* _The task_
Some entries follow. Reproduce exactly the lines starting at the one with "Jennov 2MP 1080P" and stopping after the one with "# RARE 4/6 DOUGLAS".

* _Given information_
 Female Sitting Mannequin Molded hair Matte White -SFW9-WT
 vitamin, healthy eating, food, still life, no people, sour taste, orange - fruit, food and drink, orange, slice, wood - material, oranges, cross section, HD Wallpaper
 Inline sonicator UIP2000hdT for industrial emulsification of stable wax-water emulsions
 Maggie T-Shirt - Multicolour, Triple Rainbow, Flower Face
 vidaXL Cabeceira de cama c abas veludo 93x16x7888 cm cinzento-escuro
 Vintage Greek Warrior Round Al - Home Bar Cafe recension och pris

--

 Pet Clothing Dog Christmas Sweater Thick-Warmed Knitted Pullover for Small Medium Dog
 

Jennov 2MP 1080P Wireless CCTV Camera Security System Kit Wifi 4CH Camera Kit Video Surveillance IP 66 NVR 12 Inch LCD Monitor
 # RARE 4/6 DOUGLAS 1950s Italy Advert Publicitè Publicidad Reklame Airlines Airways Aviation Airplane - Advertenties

* _Written solution_
Jennov 2MP 1080P Wireless CCTV Camera Security System Kit Wifi 4CH Camera Kit Video Surveillance IP 66 NVR 12 Inch LCD Monitor
 # RARE 4/6 DOUGLAS 1950s Italy Advert Publicitè Publicidad Reklame Airlines Airways Aviation Airplane - Advertenties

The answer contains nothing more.